Oenothera versicolor, the red evening-primrose, is a species of flowering plant in the family Onagraceae. It is native to South America, from Peru and Ecuador down to Bolivia and Northern Argentina This species is not as common in cultivation as other members of the genus but popular cultivars including 'Sunset Boulevard' are grown in gardens around the temperate world as the plant is hardy down to at least -10 C.

Other common names include sundrops, red sundrops, and orange evening-primrose.

==Description==
Oenothera versicolor is a bushy perennial growing to 1 m tall. It blooms throughout summer and into early autumn. The flowers grow on spikes and are individually around 8-6cm in diameter with four petals each. The leaves are lanceolate and glossy. The reddish orange flowers appear in clusters around the top of the spike and are hermaphroditic. Unlike in some species of Oenothera,
the flowers bloom during the day rather than at night although their superficial similarities to the common evening primrose still earns this species the title of evening-primrose.
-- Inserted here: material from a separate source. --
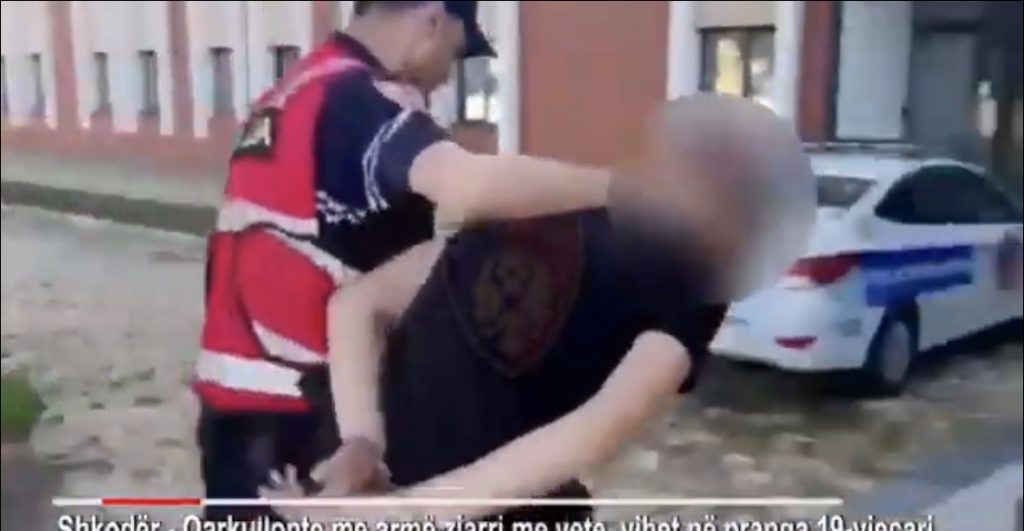 Kapet 19 vjeçari me kallashnikov në Shkodër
The plant is erect and forms a basal rosette of leaves which are narrowly lanceolate and gradually narrow to the petiole. Most plants generally do not branch, instead, forming one main spike. The leaves are 20-25 cm long when mature and 1.5- 3.5 cm wide. The cauline (stem-growing) leaves are narrowly lanceolate, 8-12 cm long and 0.6-2 cm wide. They are usually sessile but may possess with a short petiole. The leaf margins are reddish, especially in the bracts of the young buds, and the inflorescence is mostly unbranched.
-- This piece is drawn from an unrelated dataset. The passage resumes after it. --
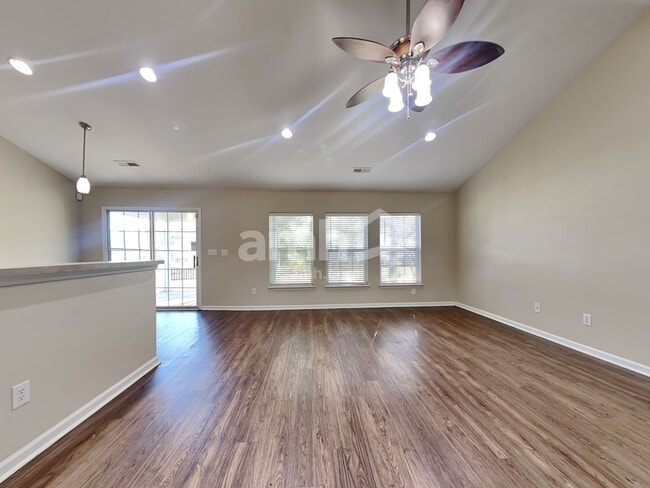 Building Photo - 5069 Carrington Ct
Flowers have a corolla length of 1.2-2.5 cm and buds are reddish at the junction of the sepals with the corolla. The petals very broadly obovate, rounded or retuse, 1.2-2 cm long, yellow, red near the base and along the veins or entirely red. The anthers are 5-8 mm long with filaments 6-10 mm long. The style is mostly short so the anthers may shed pollen directly on the stigma. The ovary is 8-10 mm in length. The seeds of the Red Evening-primrose form in capsules which are generally around 1.5-3 cm long, 5-9 mm thick and dark in colour when ripe. The seeds themselves are small at little more than a millimetre in length and slightly oval in shape.